> **Work required**
Using the records below, repeat exactly the lines from the one holding "Sovie HOME Serviettes" through the one holding "Kirsty Mitchell as", both ends included, and no others.

> **Excerpted data**

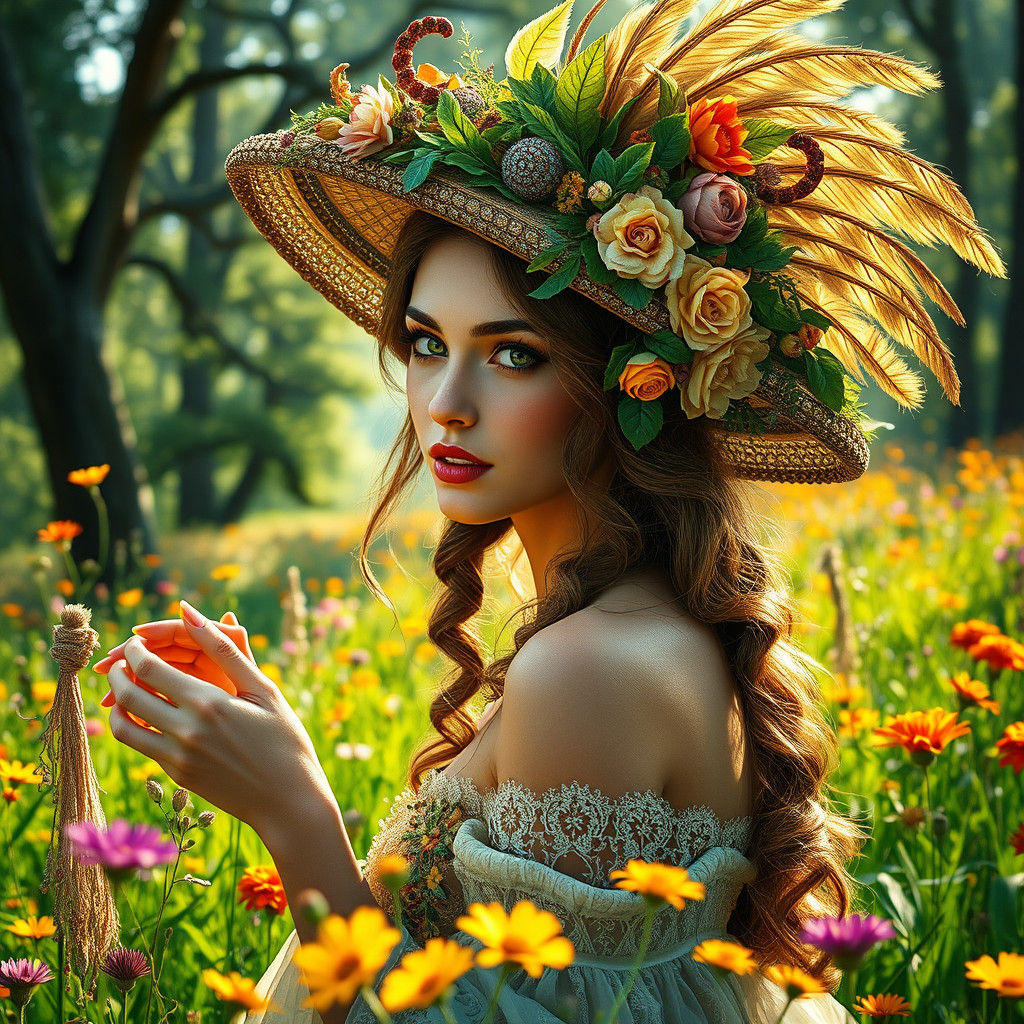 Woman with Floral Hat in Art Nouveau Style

---

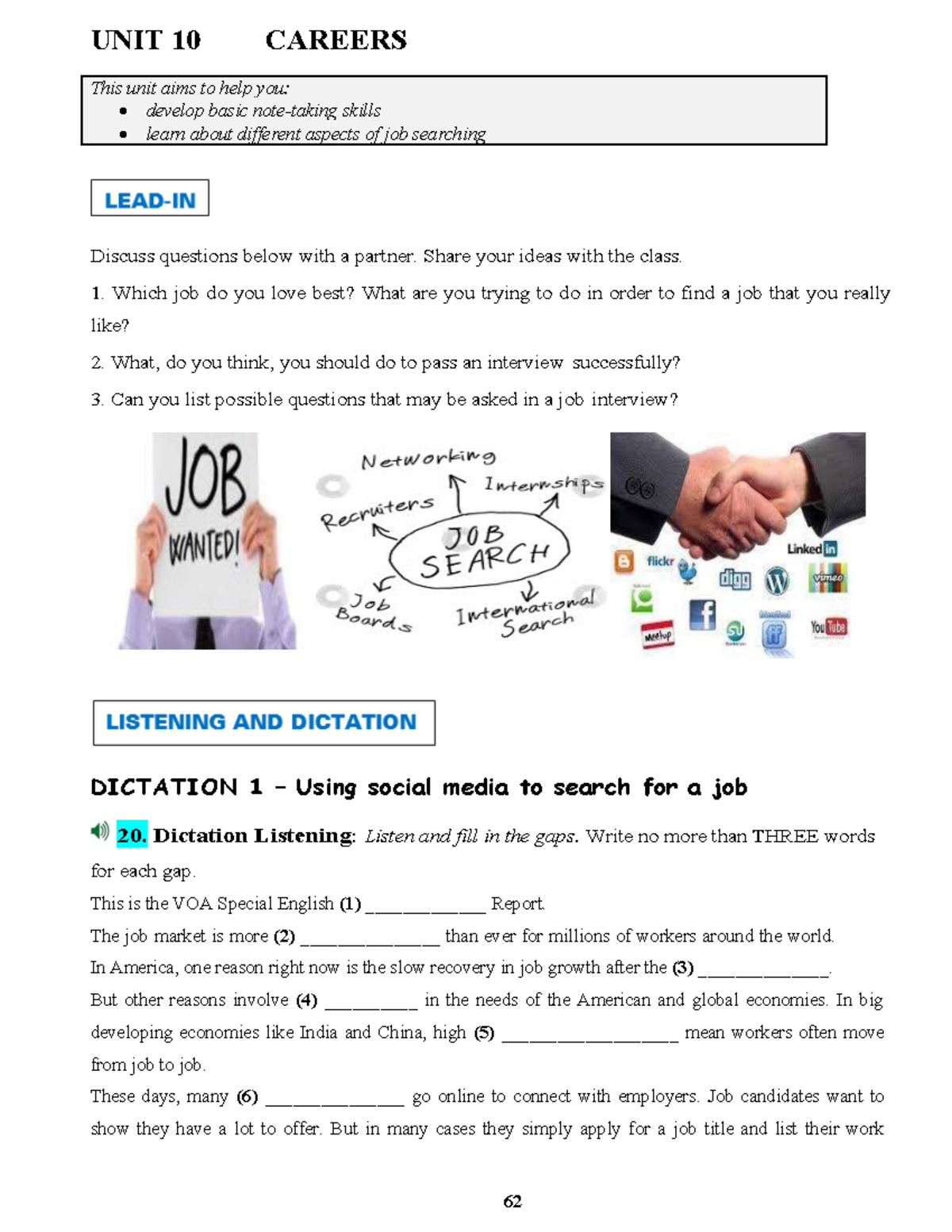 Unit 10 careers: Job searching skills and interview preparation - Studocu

* * *

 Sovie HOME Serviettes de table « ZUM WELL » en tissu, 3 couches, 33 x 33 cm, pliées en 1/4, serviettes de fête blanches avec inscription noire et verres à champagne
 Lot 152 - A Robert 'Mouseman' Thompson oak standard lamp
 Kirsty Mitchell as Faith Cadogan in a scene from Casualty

> **Answer box**
 Sovie HOME Serviettes de table « ZUM WELL » en tissu, 3 couches, 33 x 33 cm, pliées en 1/4, serviettes de fête blanches avec inscription noire et verres à champagne
 Lot 152 - A Robert 'Mouseman' Thompson oak standard lamp
 Kirsty Mitchell as Faith Cadogan in a scene from Casualty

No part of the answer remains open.